En juin 1982, Henri fut élu secrétaire général de la CGT, malgré bien des oppositions internes.

Mais en cette période de début de désillusion sur le gouvernement ( un Premier Ministre socialiste qui annonce, en plein congrès de la CGT, le blocage des salaires ….), Henri symbolisait pour beaucoup d’entre nous une ligne indépendante et combattive pour la CGT.

De grâce, qu’on m’épargne les discours sur un Henri ou moi-même, réputés être des staliniens !

Accusations tellement pratiques pour banaliser, voire glorifier, toutes les formes du syndicalisme à l’échine souple et l’éviction de communistes des postes de responsabilité !

Pourtant un phénomène, sur lequel je m’interroge toujours, se produisit.

Le comportement d’Henri changea peu à peu, notamment à l’égard du syndicalisme des fonctionnaires, non pas dans nos positions extérieures vis à vis du gouvernement et du ministre Le Pors, mais dans nos efforts internes pour faire avancer des positions que nous considérions décisives pour l’avenir et qui se heurtaient à bien des corporatismes, exploités par des forces qui elles visaient des enjeux politiques au sein de la CGT.

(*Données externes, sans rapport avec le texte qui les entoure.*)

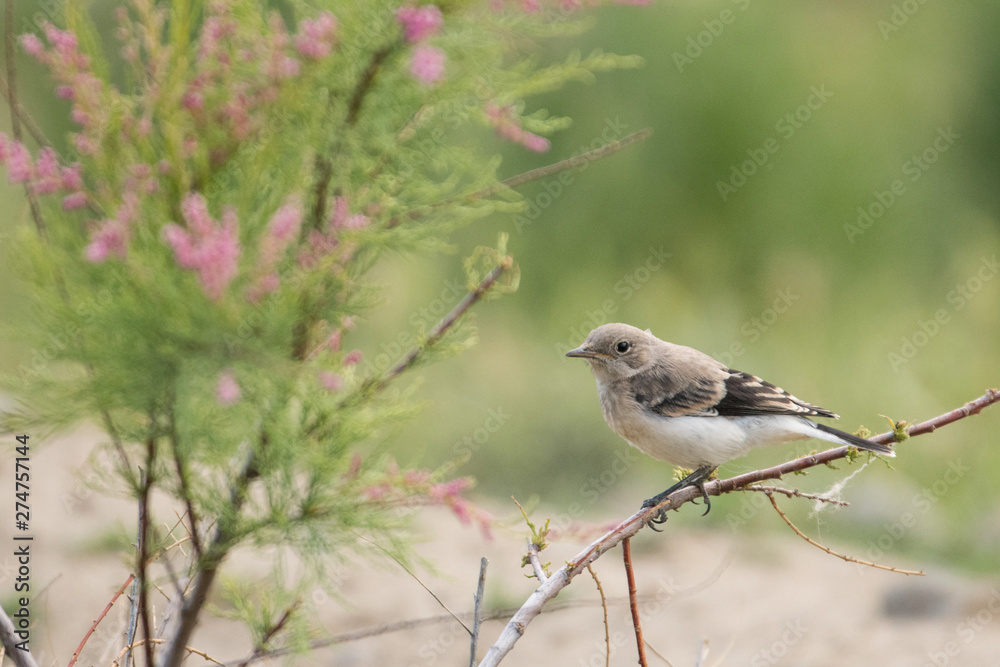 Obraz premium Stunning bird photo. Finsch's wheatear / Oenanthe finschii. Armenia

À son tour, les turbulences internes de l’UGFF, exploitées au niveau confédéral par ses opposants, l’indisposaient dans sa volonté d’unité du Bureau Confédéral.

À la lumière de l’histoire de la CGT, j’ai souvent appelé ce phénomène le « syndrome de l’unité à tout prix de la CGT » à partir de son vieil héritage historique qui avait fait du syndicalisme des fonctionnaires la chasse gardée des non-communistes.

Mais précisément, nous n’étions plus en 1947 au moment de la scission ou 1956 au moment des événements en Hongrie.

Dans ce changement de Henri, j’ai toujours pensé qu’un autre élément, plus subjectif et personnel chez lui, avait joué un rôle important.

Ce qui suit n’engage que moi.

Je crois qu’Henri portait encore la blessure d’avoir vu Séguy lui être préféré pour devenir secrétaire général de la CGT.

Ce dernier paraissait plus compatible avec les réalités du monde du travail et les mentalités d’alors. Il était né français, cheminot ( une des corporations phares de la Résistance et lui-même fut déporté ), jovial, chasseur, faisant son potager et bon vivant…

Il y avait chez Henri, dans cette reconnaissance tardive, une volonté de se mouler dans les stéréotypes de la fonction au sein de la CGT. Comme s’il avait besoin de démontrer qu’il était digne d’être secrétaire général.

Car, en plus, Henri était juif.

Mon intime conviction est qu’il avait été victime de cet antisémitisme larvé, rampant, qui hélas n’a pas épargné le mouvement révolutionnaire.

J’en parle d’expérience ! Je me suis appelée longtemps Hirszberg, nom de mon premier mari, d’origine juive polonaise lui aussi. N’étant pas juive mais pourvue d’un physique méditerranéen qui me faisait considérer telle, j’ai eu tout loisir d’en observer les manifestations insidieuses !


Relisez-le, lisez-le…il est toujours d’actualité :


Les dernières années de son mandat furent pénibles. Il fut combattu dans des luttes du sérail peu glorieuses, très loin d’un débat d’idées digne de ce nom.

Malgré, je dois le dire, mes déceptions à son égard pour son « lâchage » et ma conviction que l’UGFF allait vers le précipice, je n’ai jamais éprouvé de ressentiment pour lui, tant toute sa vie militante et ce qu’il avait symbolisé pour la jeune militante, surnageaient au-dessus de l’écume du court terme.

En ces temps de déshérence de la pensée militante et de l’invention quotidienne de l’eau chaude, il faut relire ou lire Henri Krasucki.

J’ai en tête en particulier ses écrits sur les négociations, les rapports de force à créer, les luttes, etc…alors que se prépare la nouvelle loi Travail.

                   

…….Un remords m’habite et j’ai besoin de le confesser : je ne suis pas allée à ses obsèques.

Je ne pouvais pas.

Il y avait des visages que je ne voulais pas voir.

Ceux qui après avoir sali Henri, allaient lui trouver toutes les qualités, une fois mort.

Ceux-la qui avaient aussi porté leurs coups contre le syndicalisme CGT des fonctionnaires.